The imprecision due to sampling variability, which is measured by the SE, is not to be confused with inaccuracies that may occur because of inadequacies in available sources from which the population frame was compiled, imperfections in reporting by providers, errors made in collection such as in recording and coding data, and errors made in processing data. Inaccuracies of this kind are collectively referred to as non-sampling error and they may occur in any enumeration, whether it be a full count or a sample.
While it is not possible to quantify non-sampling error, every effort is made to reduce it to a minimum. Collection forms are designed to be easy to complete and assist businesses to report accurately. Efficient and effective operating procedures and systems are used to compile the statistics.
Limitations of financial data analysis
This product presents a wide range of data that can be used to analyse business and industry performance. It is important that any analysis be based upon a range of data presented rather than focusing on one variable.
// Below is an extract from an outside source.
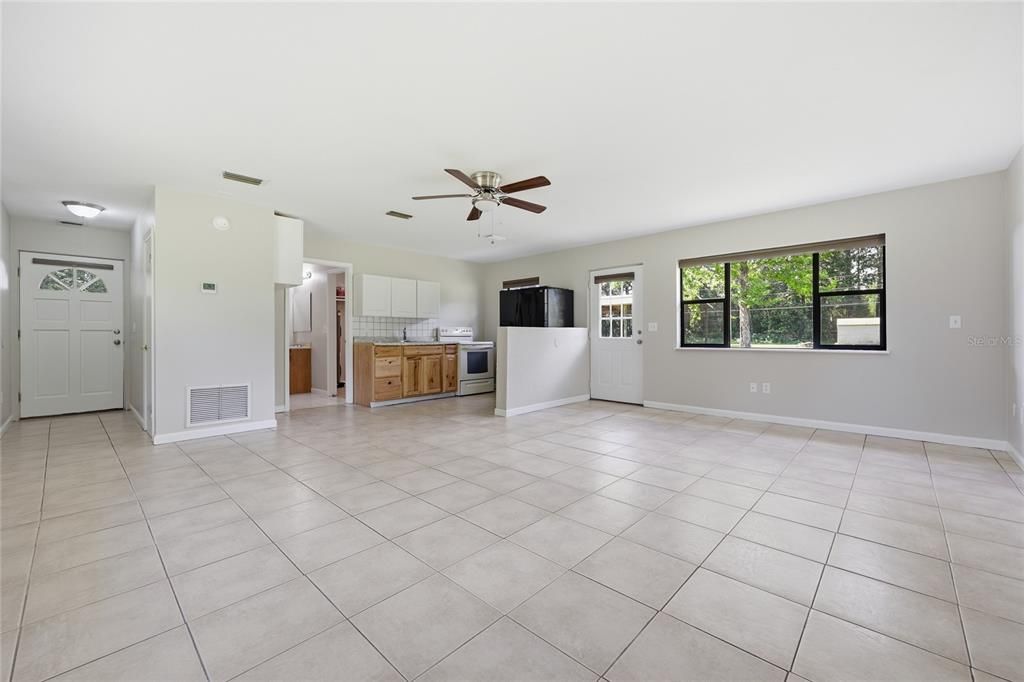 For Sale: $539,900 (3 beds, 3 baths, 2027 Square Feet)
Differences in accounting policy and practices across businesses and industries also lead to some inconsistencies in the data input to the statistics. While much of the accounting process is subject to standards, there is still a great deal of flexibility left to managers and accountants in the accounting policy and practices they adopt. For example, acceptable methods of asset valuation include historical cost, replacement cost and current market value. The timing of asset revaluations also varies considerably across businesses. The way profit is measured is affected by management policy on such things as depreciation rates, bad debt provisions and write off and goodwill write off.
The above limitations are not meant to imply that analysis based on this data should be avoided, only that they should be borne in mind when interpreting the data presented in this product.
The counts of operating businesses included in this publication should be used with some caution. Over and above the sampling error associated with these estimates, they are more affected than are other estimates presented by such things as internal restructuring of businesses (e.g. changes in divisional structure), mergers, takeovers and changes in the quality of the ABS Business Register. These management unit counts exclude management units which were part year operators i.e. operating at the beginning of the reference period but not at the end.